Start of Records shown

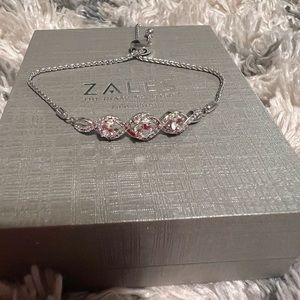 Lab-Created White Sapphire Bolo Bracelet Sterling Silver 9.5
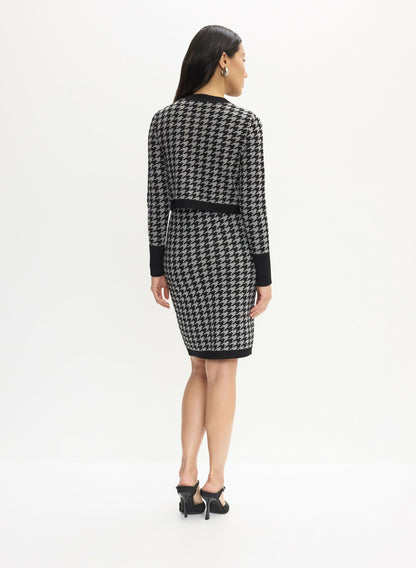 Women Houndstooth Print Jacket & Dress Set Black Pattern | Melanie Lyne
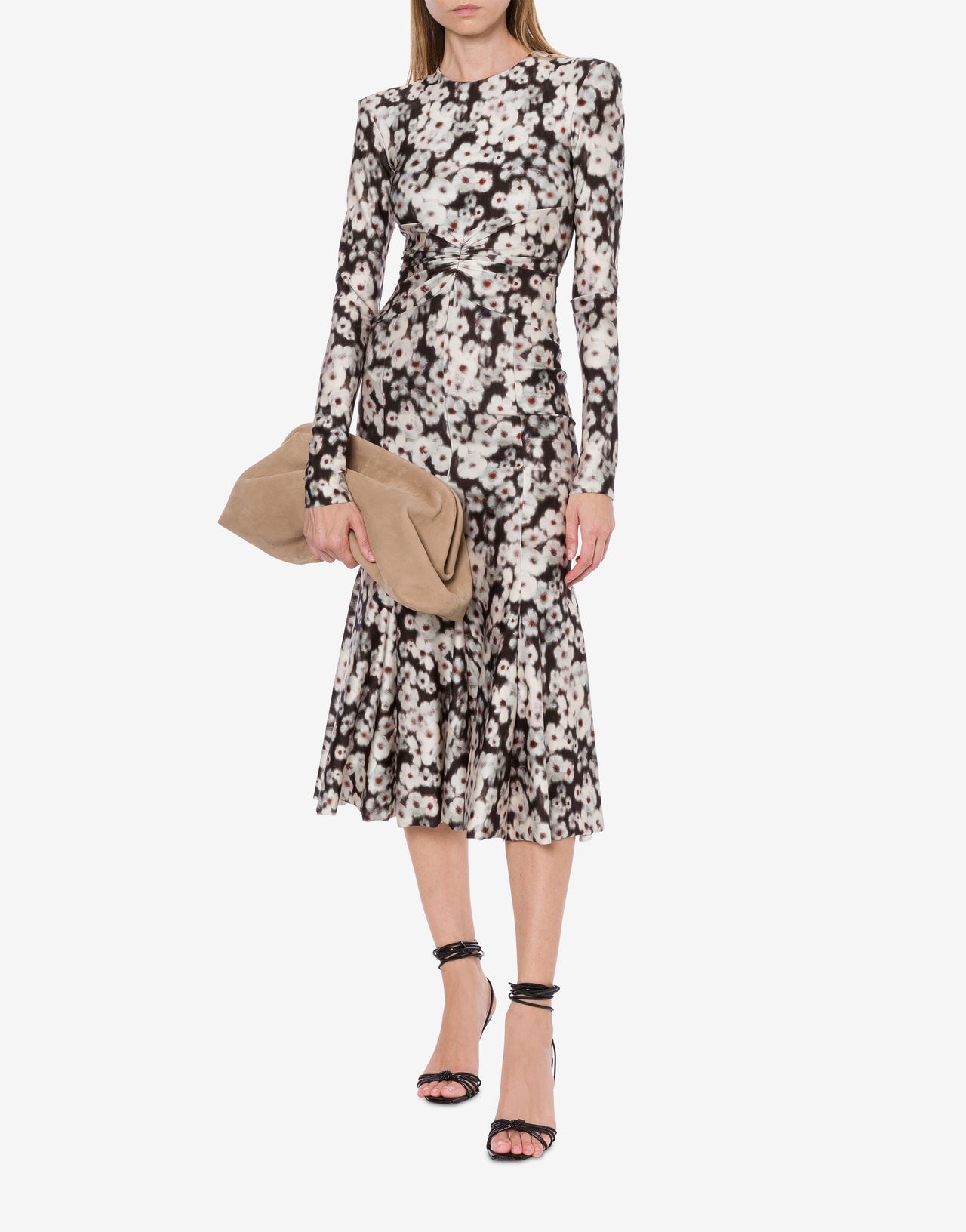 Crew-neck dress in lycra with flower print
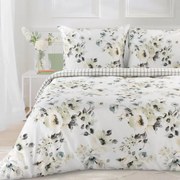 Lenzuola reversibili in cotone sateen - bianco con stampa floreale 3 parti: 1pc 160x200 + 2pc 70x80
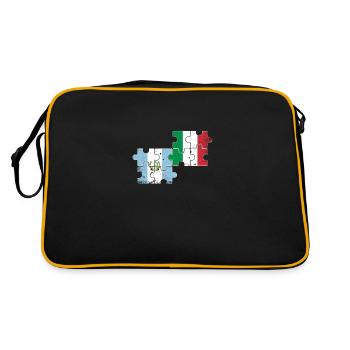 Guatemala Italy Vintage Heartbeat Flag - Retro Bag - black/gold - Back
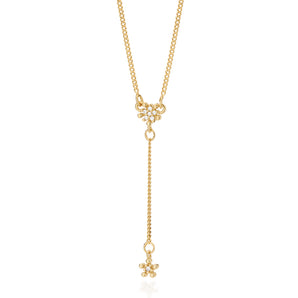 GOLD TINY FLOWER Y-NECKLACE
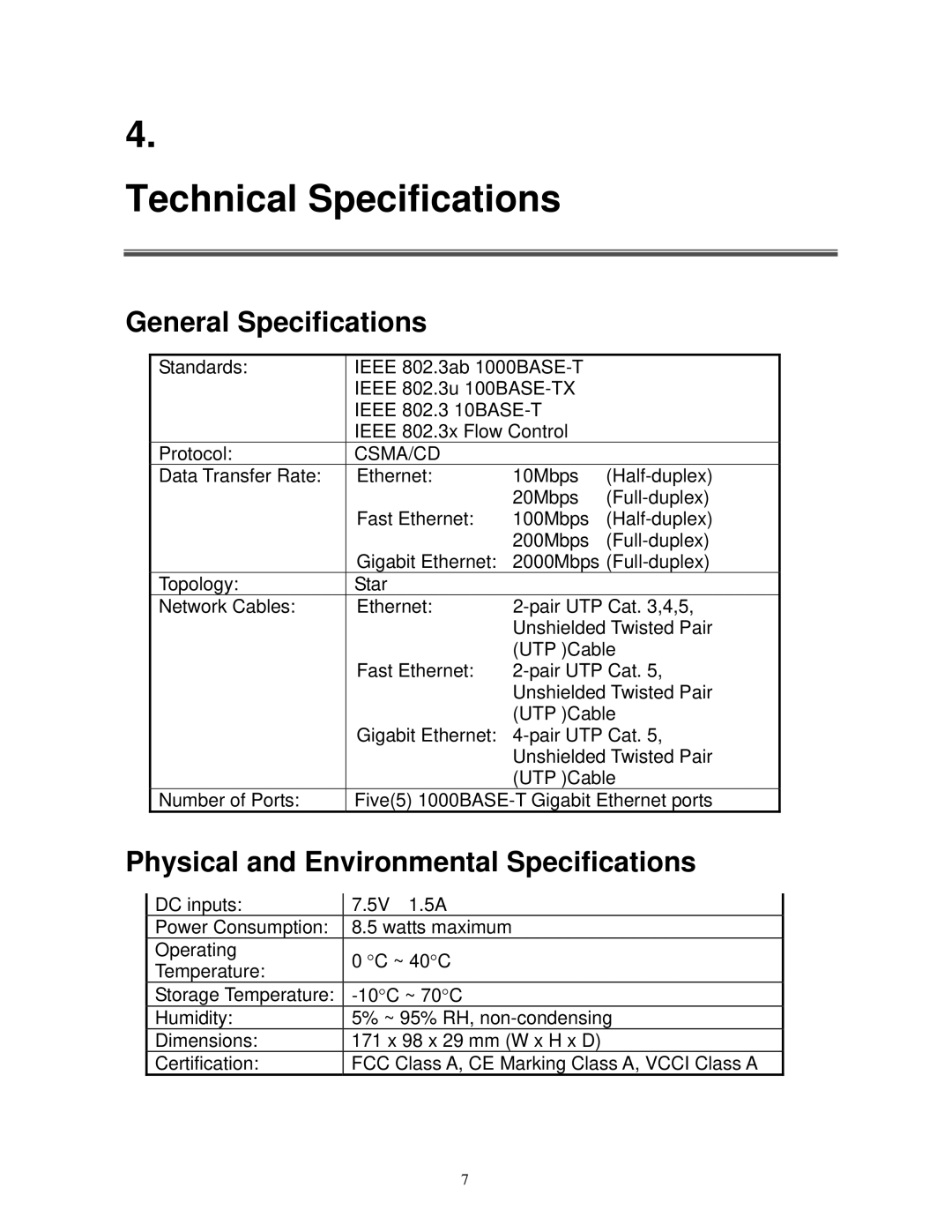 Milan Technology MIL-S5000T Technical Specifications, General Specifications, Physical and Environmental Specifications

End of Records shown

From the line with "Lenzuola reversibili in" through the end of the listing, write out every line exactly, leaving out the pictures.

 Lenzuola reversibili in cotone sateen - bianco con stampa floreale 3 parti: 1pc 160x200 + 2pc 70x80
 Guatemala Italy Vintage Heartbeat Flag - Retro Bag - black/gold - Back
 GOLD TINY FLOWER Y-NECKLACE
 Milan Technology MIL-S5000T Technical Specifications, General Specifications, Physical and Environmental Specifications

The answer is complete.